A los diez años, elaboró su primer par de “guarachas” que eran para una niña, y esto sin más ayuda que su propia creatividad y observación. Hoy lamenta no haber seguido esta línea de trabajo – la de la zapatería- pues considera que quizá hubiera sido un poco más productiva que la que tomó.
Artesano por completo:
Las herramientas que utiliza este talabartero también son hechas por él mismo. “Cuando yo estaba recién casado cualquier fierrillo que me encontraba botado, lo juntaba. Mi esposa me decía:
¡Usted parece un viejo, todo lo coge, todo lo junta!
Y yo me echaba una risa… llegaba al taller, cogía la lima y el molejón y ahí formaba lo que necesitaba: los troqueles, lo que fuera…”
Su mayor afición es la elaboración de monturas, pero ésta es un área de trabajo que se ha visto afectada por la inclusión de productos extranjeros en el mercado costarricense, y por la poca área de trabajo de que dispone en su taller, pues según dice, para elaborar este tipo de objetos de gran tamaño, se requiere un amplio espacio.
Sin embargo, con orgullo este santiagueño asegura que la talabartería es la que le ha dado de comer toda su vida, la que le permitió sacar adelante a su familia, y llevar a la adultez a dos hijas. Además de este oficio, la música ha sido otra de sus pasiones. Don Miguel tocaba requinto con el Trío Alma Ramonense y en dos ocasiones fue invitado a trasladarse a México para dedicarse a la música, sin embargo pudo más el amor a su familia y es por esto que, en ambas ocasiones, rechazó la invitación.

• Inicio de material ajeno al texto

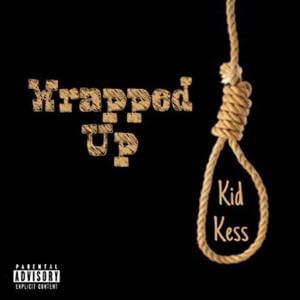 Wrapped Up - Kid Kess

Pero a pesar de las limitaciones de espacio físico, del terreno que le han ganado a la artesanía los productos en serie, de la falta de recursos y de otras necesidades, este talabartero se mantiene firme en su decisión de perpetuar el oficio y demostrar a los visitantes y residentes, que en San Ramón hay mucho talento más allá de las letras y la poesía.

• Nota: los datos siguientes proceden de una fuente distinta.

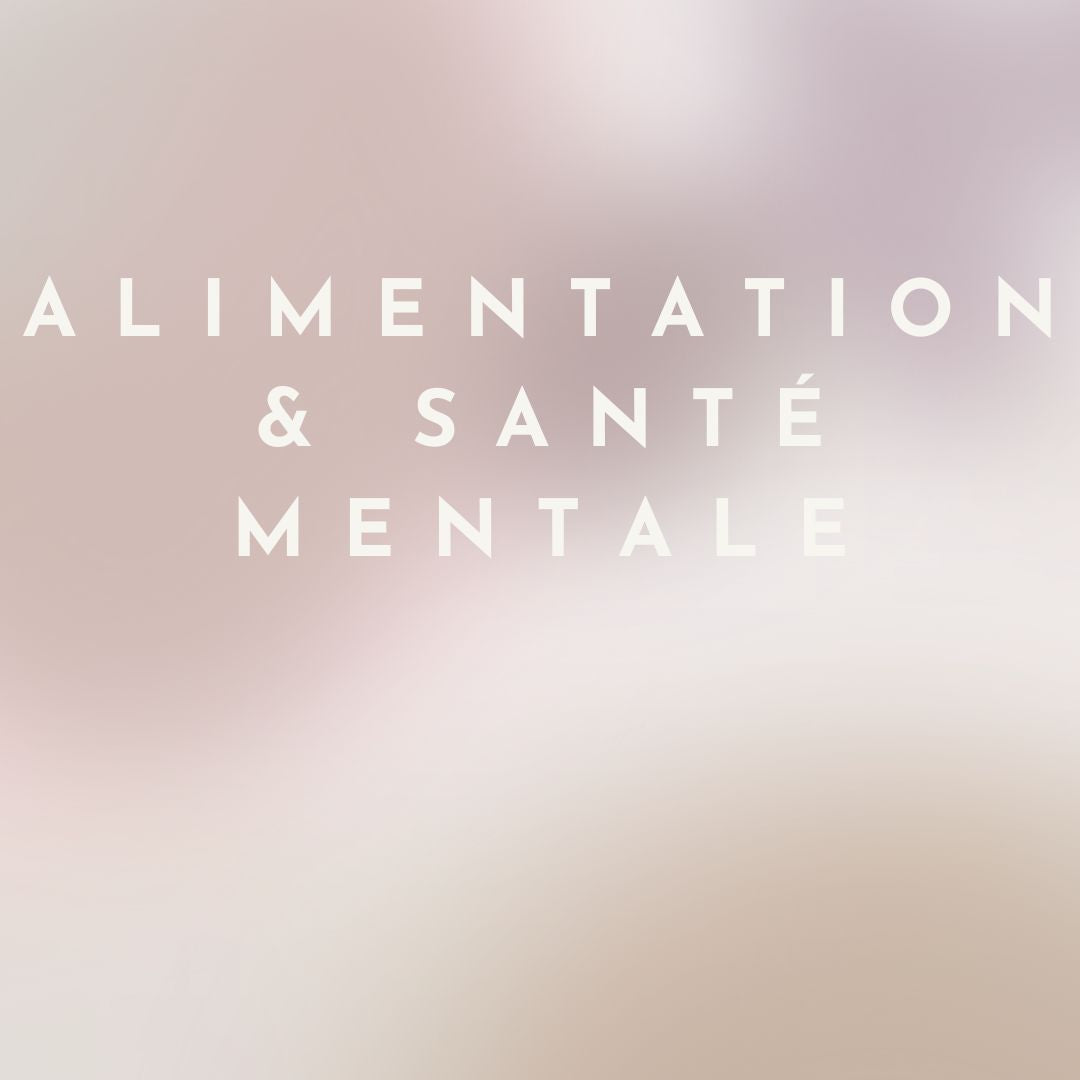 ALIMENTATION & SANTÉ MENTALE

Por ahora planea mantenerse donde está. En silencio en su pequeño taller. Su trabajo es sigiloso, pero todos los ramonenses saben que ahí está, y cada vez que alguien necesita arreglar un bolso o una faja, o comprar algo hecho con “cuero de verdad”, se acerca a ese pequeño puesto de madera que se ubica en el mercado y detrás de las fajas y otros objetos que cuelgan en la puerta, encontrará a don Miguel, el talabartero de San Ramón.